Tuesday marked the 33rd consecutive day that  the nation’s gas prices have increased, according to AAA.

The streak of gas price increases is “an anomaly,” said AAA Mid-Atlantic spokesman John B. Townsend II. This is the earliest in the calendar that gas has hit $3.75, he said.

Gas prices have skyrocketed nationwide. Today, the average cost of a gallon of regular unleaded gas in the U.S. is $3.75; a year ago, it was $3.57.

The increases have also been substantial in the Washington area. Gas costs $3.95 in D.C., up from $3.76 a year earlier and dangerously close to the ominous $4 barrier. In Virginia and Maryland, the increases haven’t been as severe as they have nationally or in D.C., but they come close: A gallon of regular unleaded is $3.76 in Maryland (versus $3.62 a year earlier) and $3.65 in Virginia (it was $3.54 last year).
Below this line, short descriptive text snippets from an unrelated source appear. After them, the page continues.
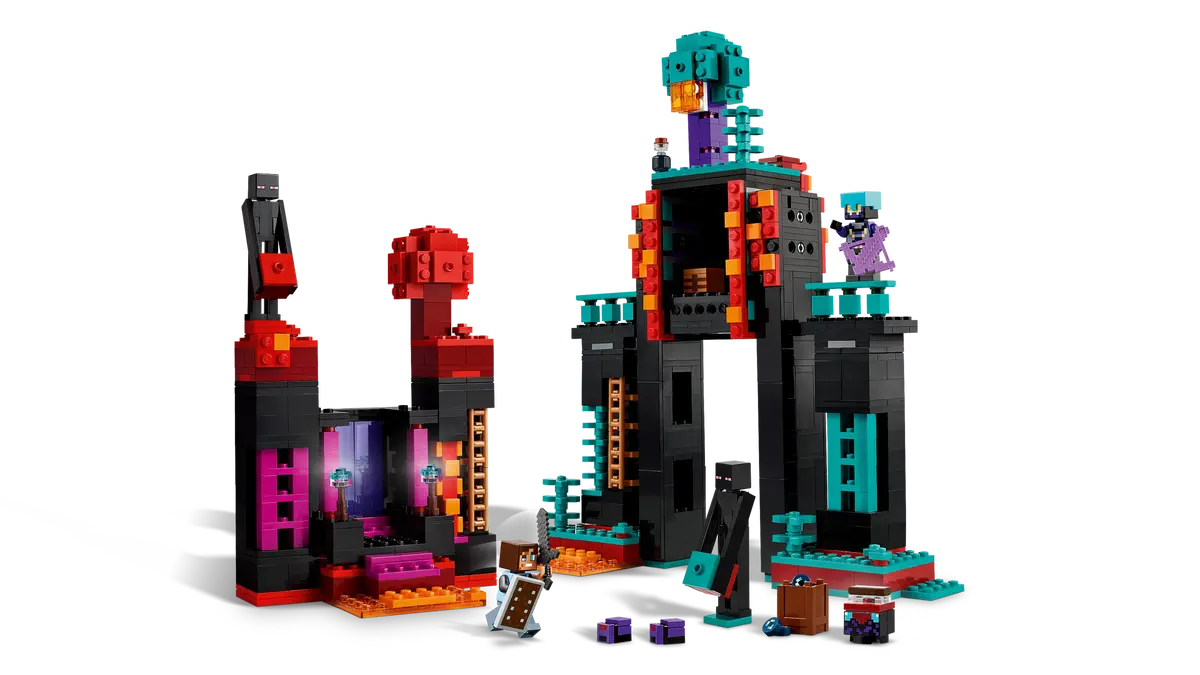 LEGO Minecraft Enderman Tower 21279 can be rebuilt into 2 colour-coded fortresses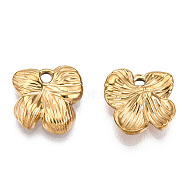 304 Stainless Steel Charms, Leaf Charm, Nickel Free, Real 14K Gold Plated, 13x13x3mm, Hole: 1.6mm(STAS-T060-45G)
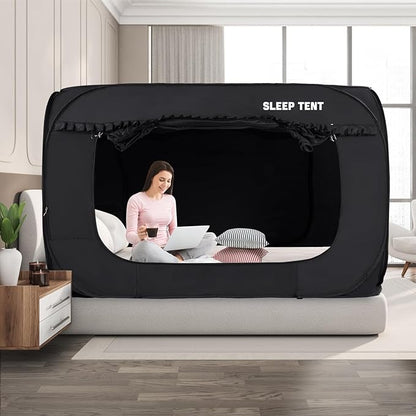 Pop Up Bed Tent 93% Blackout Large Space Portable Indoor Breathable Canopy,Twin Size 2 Doors Sleeping Privacy Tent for Kids and Adult Big Sleeping Cottage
And much of this has come very recently. The national average gas price is $3.75 today, compared with $3.30 just a month ago. Those four weeks have brought 45 cents of additional financial pain for every gallon pumped.

These hikes have been downright palpable in the Washington area during that window. Over the last month alone, prices jumped 39 cents in Virginia and 37 cents in D.C. and Maryland.

January and February represent the nadir of road travel each year, with the lowest volume of drivers on the road during those months. In the dead of winter, few people take vacations, and snowstorms keep drivers off the roads. Yet prices have only risen in spite of the decrease in demand.

“This is unseemly,” Towsend said. “This is unnatural. … It is no exaggeration to say that we’re feeling pain at the pump.”

The daily fuel price report from AAA shows that as of today, D.C.’s prices remain among the highest in the country. The $3.95 gallon of gas in the District lags only behind Hawaii ($4.28), California ($4.17), New York ($3.99) and Connecticut ($3.97).

And while gas in D.C. still costs under $4 a gallon, it should reach that mark by the end of the week or next week, Townsend said.

Last year, gas prices in the area hit $4 in late March. As Townsend said at the time, that also represented the earliest time prices topped that number.

And in terms of a cause, AAA blames the cost of crude oil, refinery shutdowns and speculation in commodities markets. Some of these issues were already creeping up at the beginning of the year.